■ **Exercise details**: Return all of the data that follows precisely, leaving every image out.

■ **Excerpted records**:
_ _ _ _
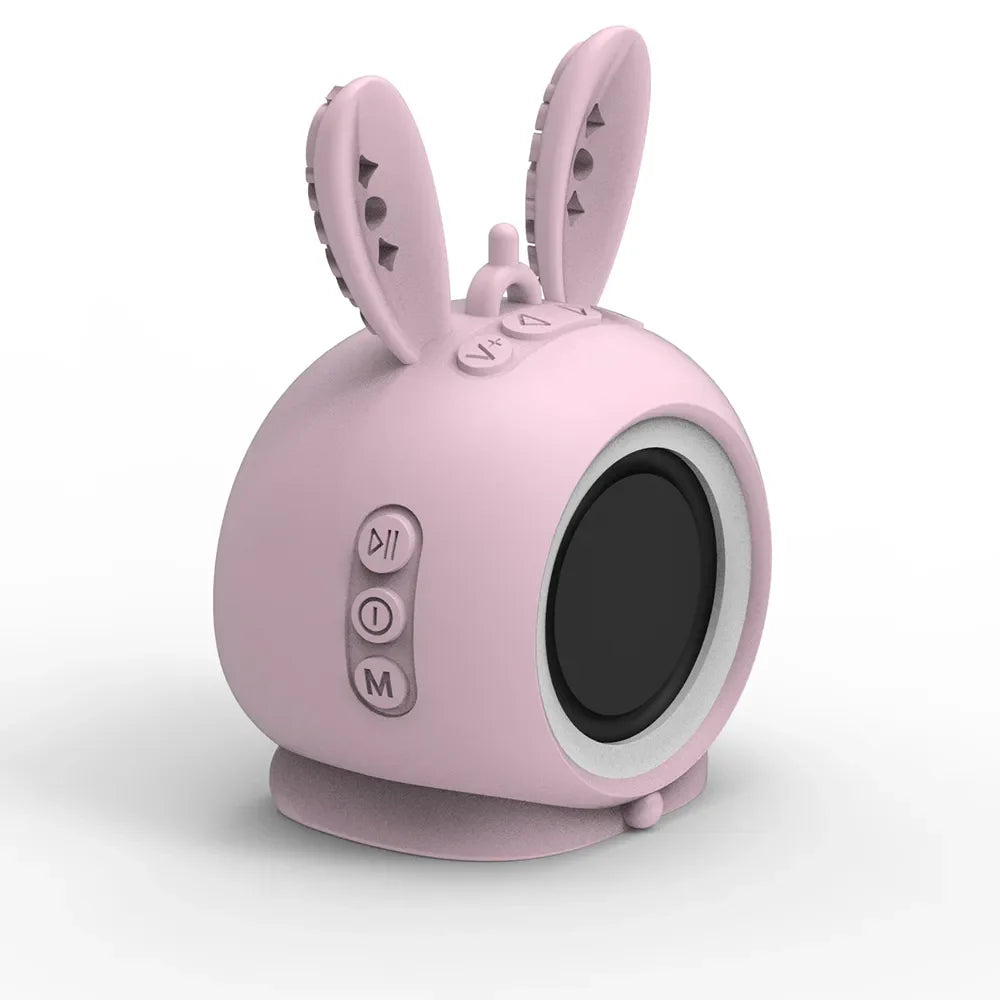 Altavoz Bluetooth portátil con forma de conejito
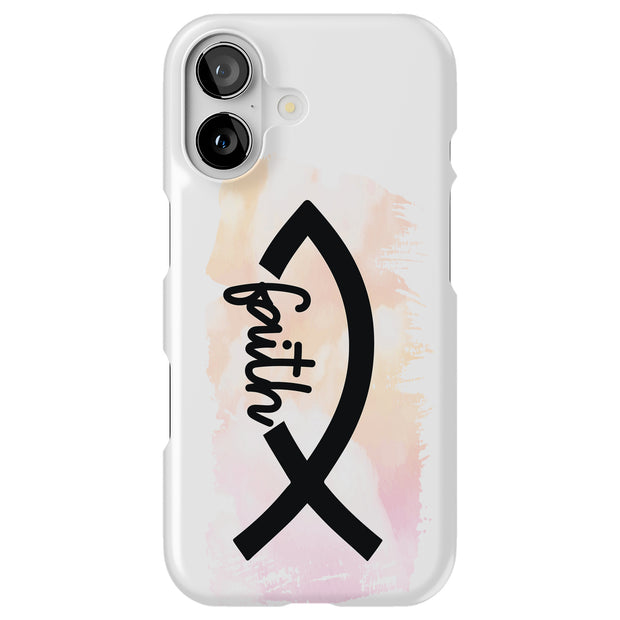 Faith Fish Tough Cases For Apple iPhone (17, 16, 15, 14, 13, 12, 11, X, SE, 8, 7/ Air, Plus, Pro, Max, Mini, XR, XS), Print in USA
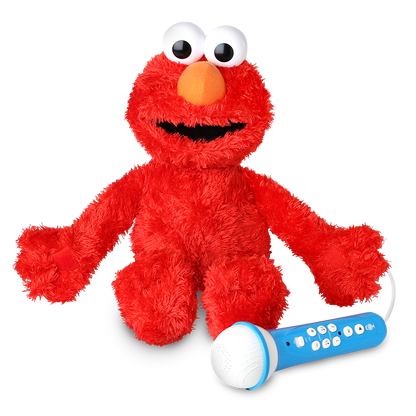 Singing Machine Sesame Street Karaoke Plush with built-in mic, Elmo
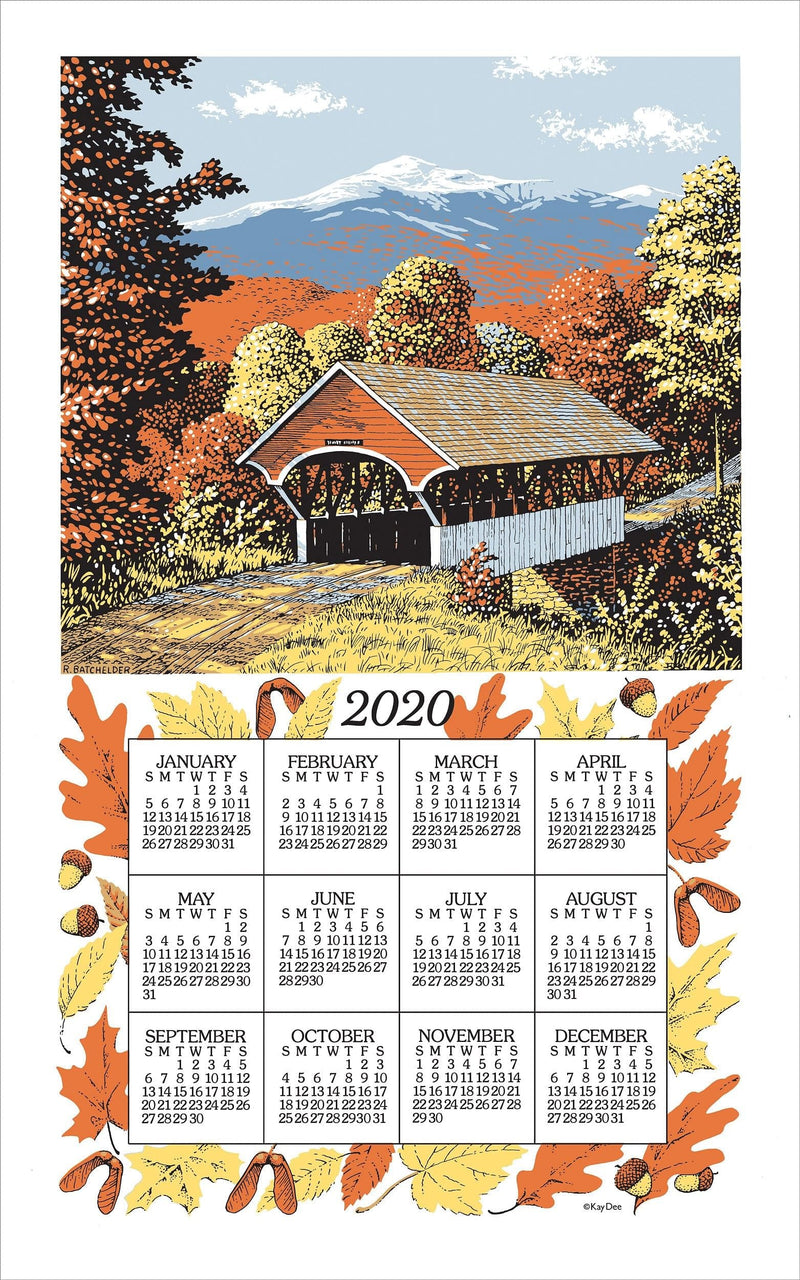 2020 Linen Calendar Towel - - Shelburne Country Store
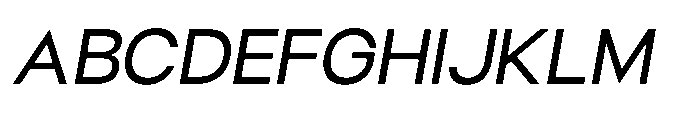 Helix Sans Helix Regular-Italic Font UPPERCASE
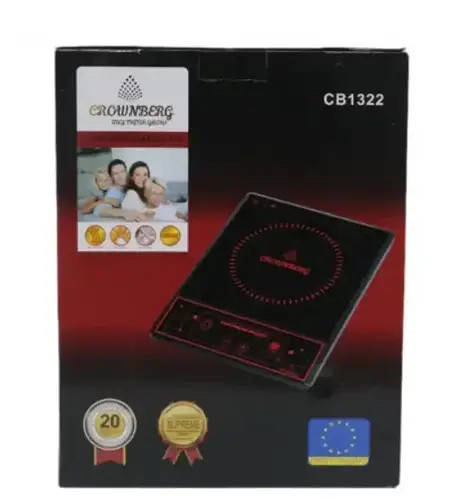

Плита настольная инфракрасная Crownberg CB-1322 одна комфорка 2000Вт Черная (CB 1322)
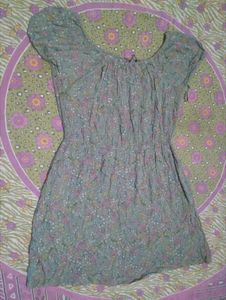 Floral Smocked Waist Dress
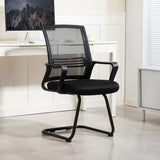Silla de oficina ergonómica sin ruedas con base de trineo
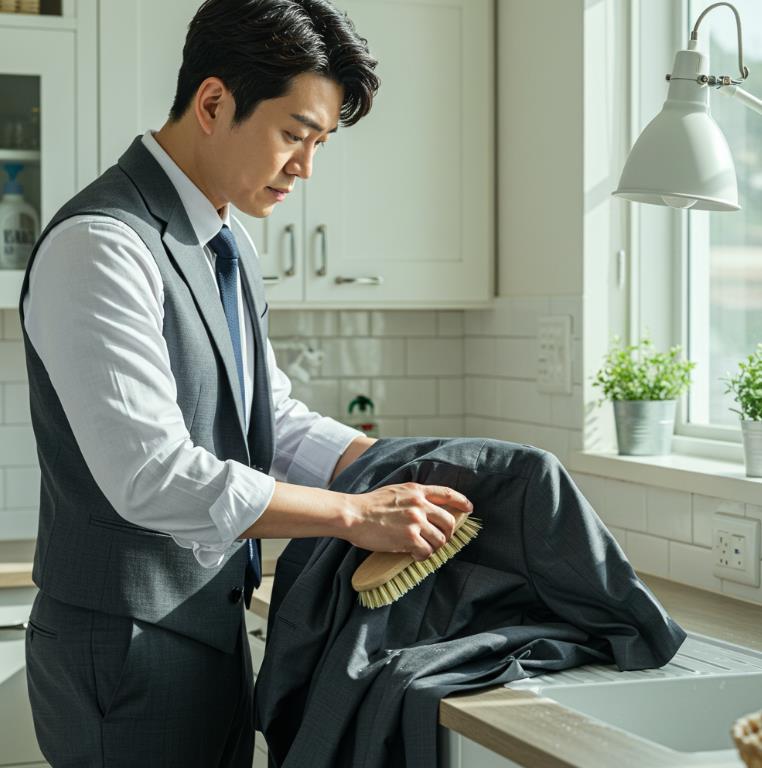 남성 정장 셀프 세탁 방법과 관리법
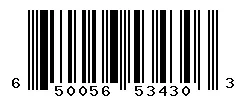 UPC barcode 650056534303
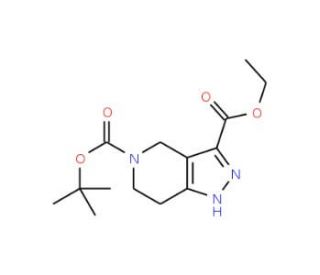 5-tert-Butyl 3-ethyl 1,4,6,7-tetrahydro-5H-pyrazolo[4,3-c]pyridine-3,5-dicarboxylate (CAS 518990-23-3) - chemical structure i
_ _ _ _
■ **Written answer**:
 Altavoz Bluetooth portátil con forma de conejito
 Faith Fish Tough Cases For Apple iPhone (17, 16, 15, 14, 13, 12, 11, X, SE, 8, 7/ Air, Plus, Pro, Max, Mini, XR, XS), Print in USA
 Singing Machine Sesame Street Karaoke Plush with built-in mic, Elmo
 2020 Linen Calendar Towel - - Shelburne Country Store
 Helix Sans Helix Regular-Italic Font UPPERCASE

Плита настольная инфракрасная Crownberg CB-1322 одна комфорка 2000Вт Черная (CB 1322)
 Floral Smocked Waist Dress
Silla de oficina ergonómica sin ruedas con base de trineo
 남성 정장 셀프 세탁 방법과 관리법
 UPC barcode 650056534303
 5-tert-Butyl 3-ethyl 1,4,6,7-tetrahydro-5H-pyrazolo[4,3-c]pyridine-3,5-dicarboxylate (CAS 518990-23-3) - chemical structure i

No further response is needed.